Policy
The policy is generated by the motor system and outputs actions for the agent's action space. If there are multiple agents in an environment, they will all have their own policy and may have different action spaces.
Action Spaces
We currently have two broad types of action spaces for our agents. The first is a camera-like action space for what we call the distant agent, due to its physical separation from the surface of the object it is sensing. Like an eye, the action space is that of a "ball-and-socket" actuator that can look in different directions. In addition, the "socket" itself can move if directed by the hypothesis-driven policy (more on that in a moment).

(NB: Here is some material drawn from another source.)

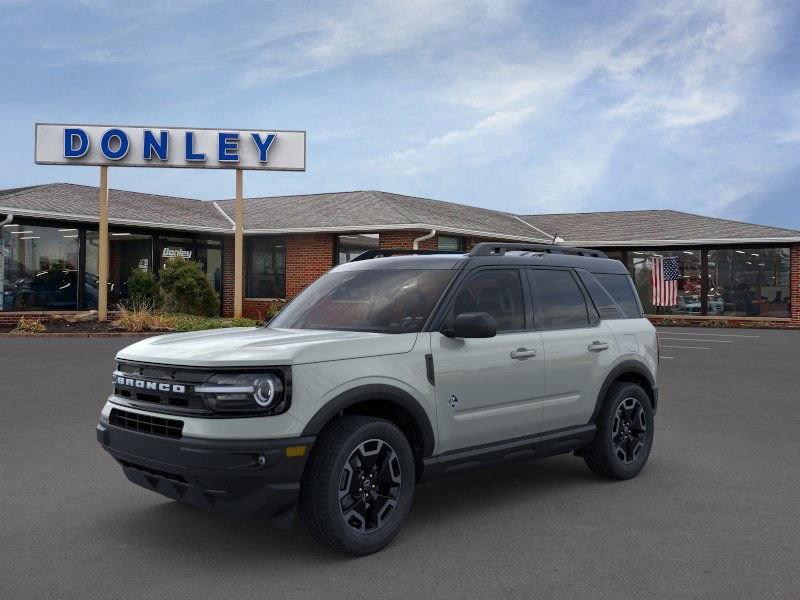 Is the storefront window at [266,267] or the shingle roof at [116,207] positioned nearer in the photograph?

The second action space is a more flexible one that allows easier movement through space, but is designed to move along the surface of an object (e.g. like a finger), hence we call it the surface agent (see figure below).
For both the distant agent and surface agent, the action space also includes the ability to make instantaneous "jumps" in the absolute coordinates of the environment. These are used by the hypothesis-driven action policy to evaluate candidate regions of an object, with the aim of rapidly disambiguating the ID or pose of the current object.
Given these action spaces, the distant agent remains in one location unless moved by the hypothesis-driven policy, and can tilt its sensors up, down, left, and right to explore the object from one perspective. The surface agent moves close along the surface of the object by always staying aligned with the sensed point normal ((→ facing the object surface head-on). It can therefore efficiently move around the entire object and theoretically reach any feature on the object even without the hypothesis-driven action policy.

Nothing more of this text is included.